Entre outras diversas ações para retomada da liderança política, empresarial e social no Brasil, nomes de destaque da sociedade paulistana, como Francisco Prestes Maia, Ibrahim Nobre, Lucas Nogueira Garcez, Laudo Natel, Otho Cirilo Lehman, Anhaia Mello, Goffredo S. Telles, Lauro de Barros Siciliano e outros, fundaram em 25 de janeiro de 1934 a Sociedade Amigos da Cidade.

Nas palavras do atual presidente da SAC, o advogado e mestre João Baptista de Oliveira, "esta iniciativa surgiu em um momento para a cidade. Naquela época São Paulo estava lambendo as feridas, porque havíamos perdido a Revolução de 32. São Paulo difícil de usar de Alguma coisa que aumentasse sua autoestima. Foi quando foi criada a Sociedade Amigos da Cidade, com o objetivo de preservar os valores, a tradição, os símbolos da cidade".

E assim na década de 40 foram surgindo os primeiros SABs, durante o período de mobilizações populares, as quais adquiriram papel relevante no contexto da década de 50, transformando-se, paulatinamente, em importantes canais de ligação entre as declarações dos moradores e os poderes públicos, atuando como instrumentos de pressão para a concessão de serviços e obras básicas e, sobretudo, dando início a um processo educativo dos princípios de cidadania e de comunidade.
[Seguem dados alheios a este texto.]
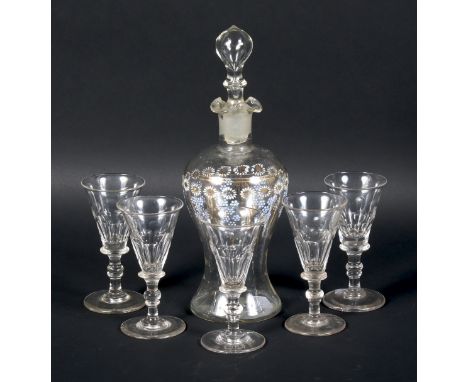 Five early 19th century ale glasses and a decanter. The glass with tapering conical bowls panel cut, the late 19th century Co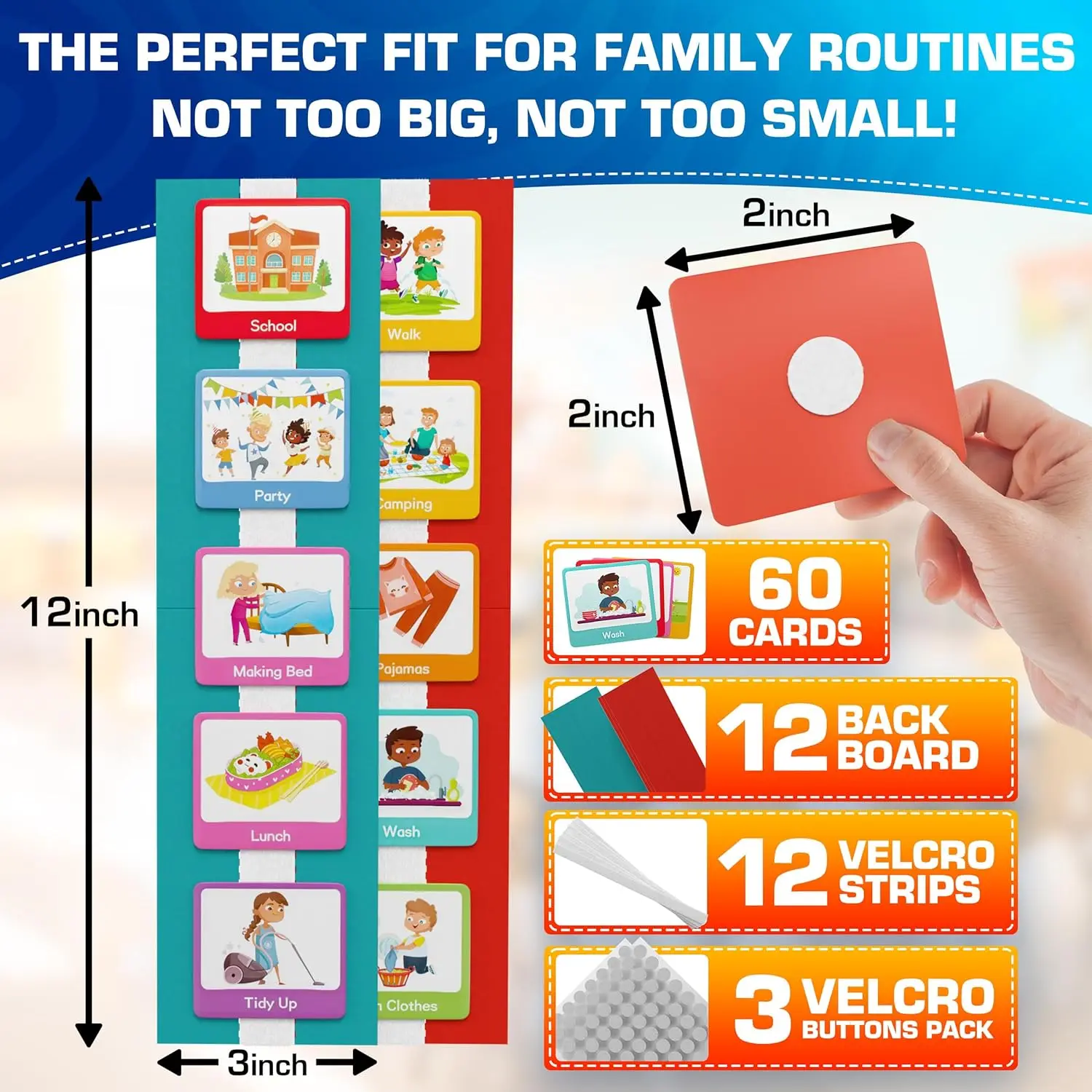 60 Pcs Visual Schedule Visual Wall Planner Daily Routine Chart for Kids Daily Visual Schedule Card Chore Chart Learning Material
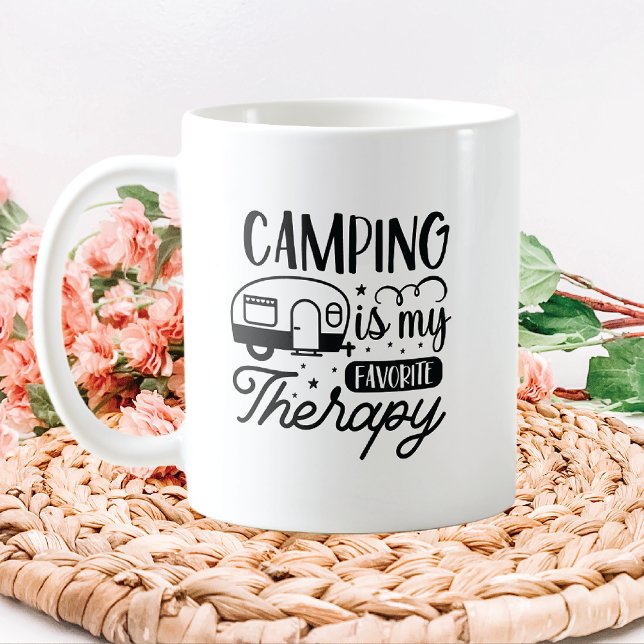 Camping är min favoritterapi kaffemugg (Skapare uppladdad)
A par dessas tarefas, as SABs atuaram como instrumentos de resgate dos valores culturais dissipados pela migração, e no aprofundamento das noções de ambiente e de solidariedade.
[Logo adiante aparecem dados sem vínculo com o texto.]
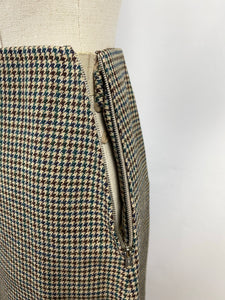 Original 1940s Houndstooth Check Suit in Green, Blue and Brown - Bust 35 36 - Petite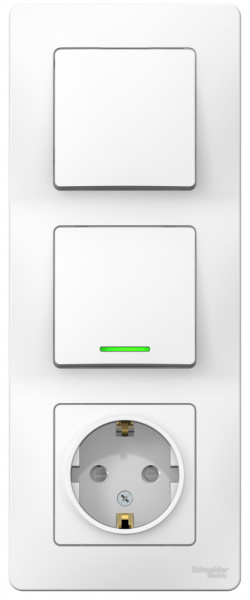 BLANCA С/У БЛОК: РОЗЕТ з/к шт 16А, 250В + ВЫКЛ 1-кл.с подсв. + ВЫКЛ 1-кл. БЕЛЫЙ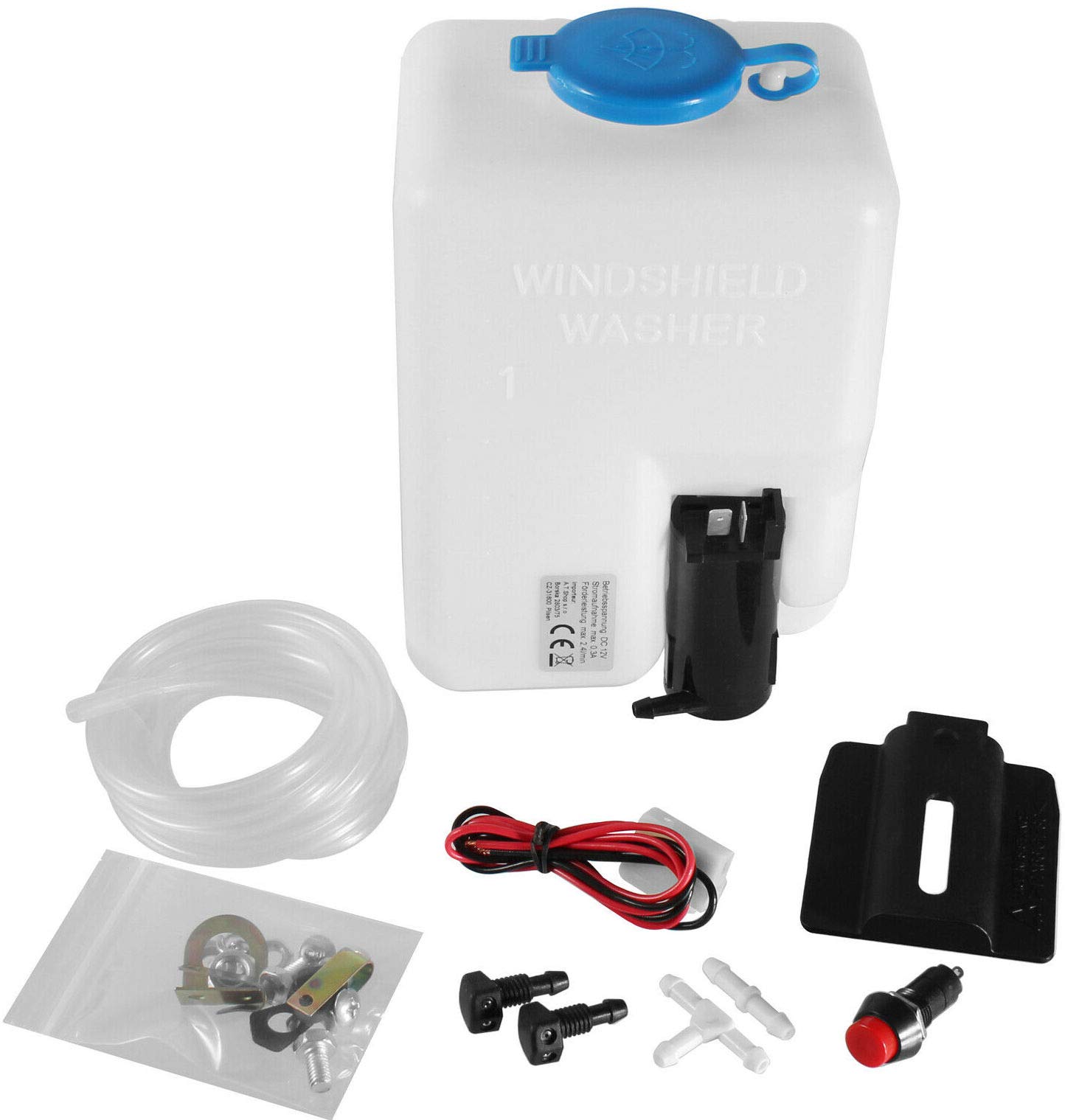 Universal Scheibenwaschbehälter 1,5L Scheiben Waschanlage Wasser Behälter Pumpe von ONPIRA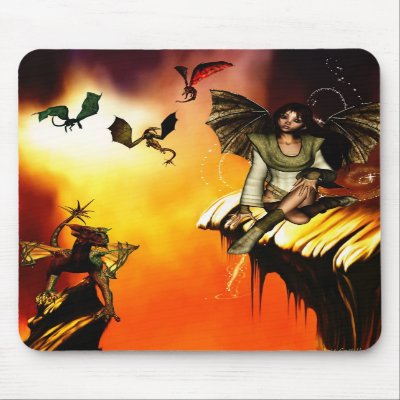 Dragon Maiden Mousepad by sirenscastle
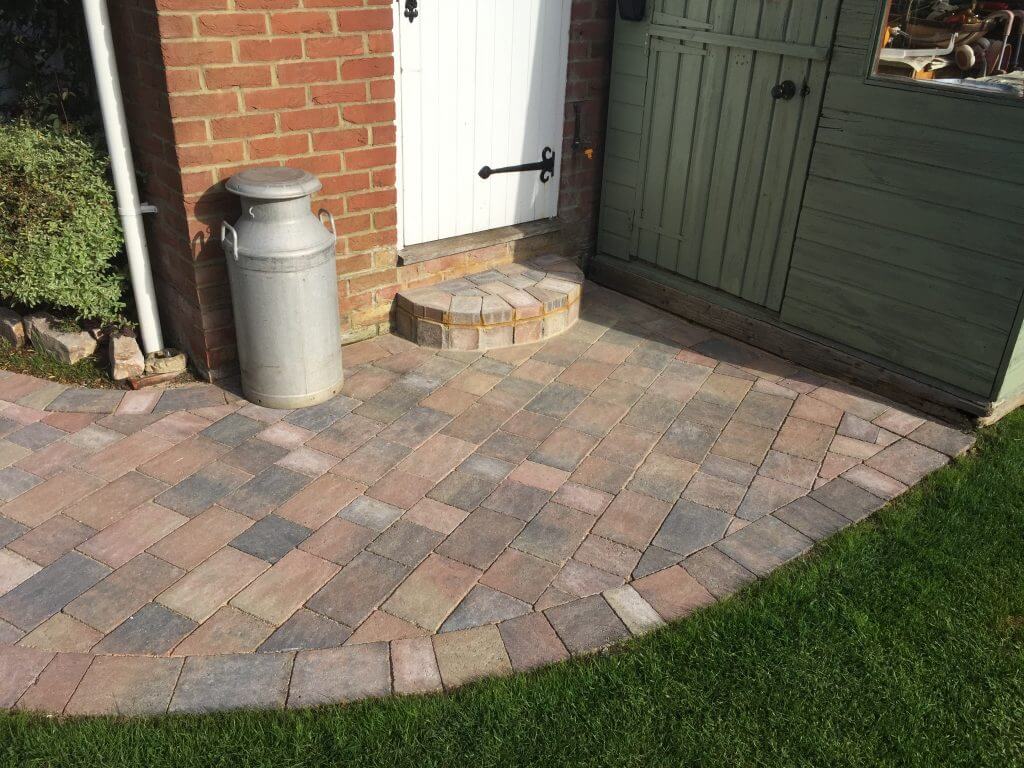 small patio section by backdoor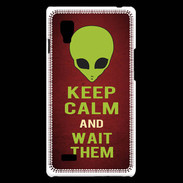Coque LG Optimus L9 Keep Calm and Wait Alien Rouge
Por tais características que aliavam a ação reivindicatória ao fortalecimento dos vínculos comunitários, essas associações conquistaram papel de importância na vida da cidade e no processo de organização popular, permitindo a pressão do cidadão e da comunidade sobre o Poder Público e partidos políticos, na defesa de seus direitos.
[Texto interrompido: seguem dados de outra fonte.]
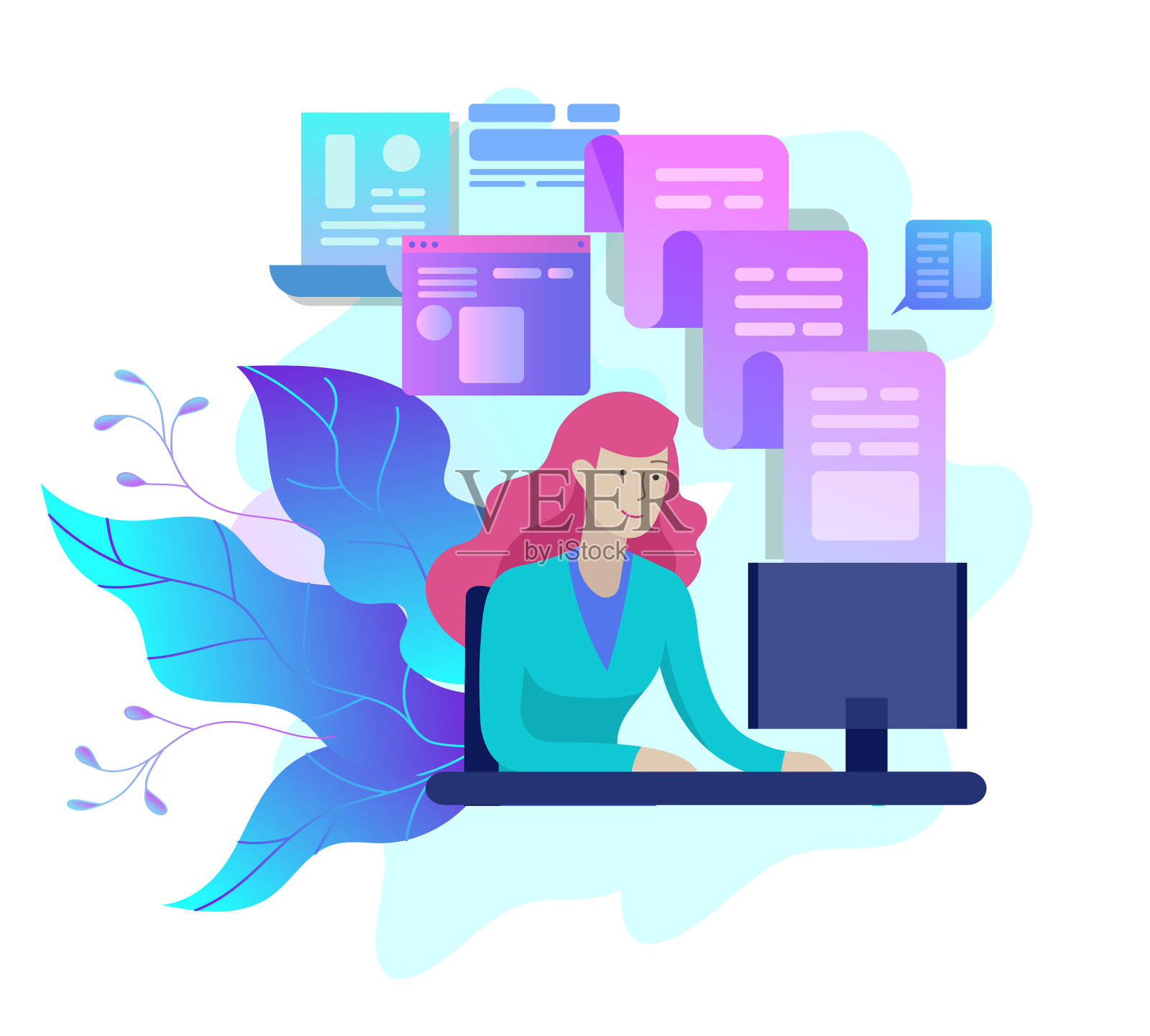 概念登陆页面模板客户服务设计元素图片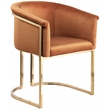 Pemberly Row Contemporary Cognac Velvet Dining Chair - 24.5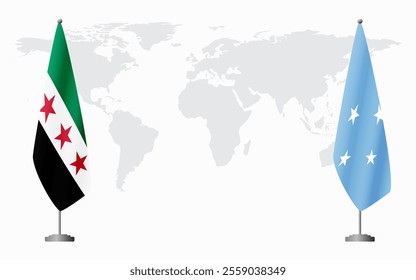 Syrian Revolution and Micronesia flags for official meeting against background of world map.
Contudo, neste tópico da história do SAC, temos que consignar especial homenagem ao Engenheiro Mário Savelli, seu presidente na década de 70, pela sua atuação relevante, e intenso e primoroso trabalho para a formação de lideranças comprometidas com a comunidade, despertando na juventude o sentimento de pertencimento, essencial para o exercício da cidadania, e promovendo a criação de ofertas de SABs em diversos bairros de São Paulo.

2. O PERÍODO AUTORITÁRIO E AS SABS

A instalação do regime militar em 1964 interrompeu significativamente os movimentos de organização popular e, por consequência, o desenvolvimento das SABs. Instaurando-se uma repressão sobre qualquer esforço de organização, já que os SABs sofreram um profundo processo de esvaziamento, processo esse agravado pela massificação via meios de comunicação, que levam o indivíduo ao isolamento e à passividade, sobretudo antes da total falta de alternativas de participação que então se impunha.

Mas, paralelamente ao processo de esvaziamento dessas entidades, o regime dedicava-se a instrumentalizar os remanescentes e a criar novos SABs que fossem dados aos seus interesses. É neste processo que tais entidades adotam uma prática clientelista, desvirtuando suas verdadeiras funções. Se não todos, certo a maior parte dessas associações se transformaram ou em meros centros de lazer, ou em currais eleitorais de políticos, ou então em entidades meramente assistencialistas, controladas por "líderes" apaniguados pelo regime vigente, que norteavam sua atuação pela busca do controle do movimento popular e pela "troca de favores" com políticos.

Por essa época ocorre também a centralização do poder económico que retira das Câmaras Municipais a faculdade de decisão sobre aplicação de recursos. E é justamente nestes segmentos que concentrava-se o poder de pressão dos SABs, fato que dificultava ainda mais sua atuação dentro dos princípios verdadeiros que deveriam orientar essas associações.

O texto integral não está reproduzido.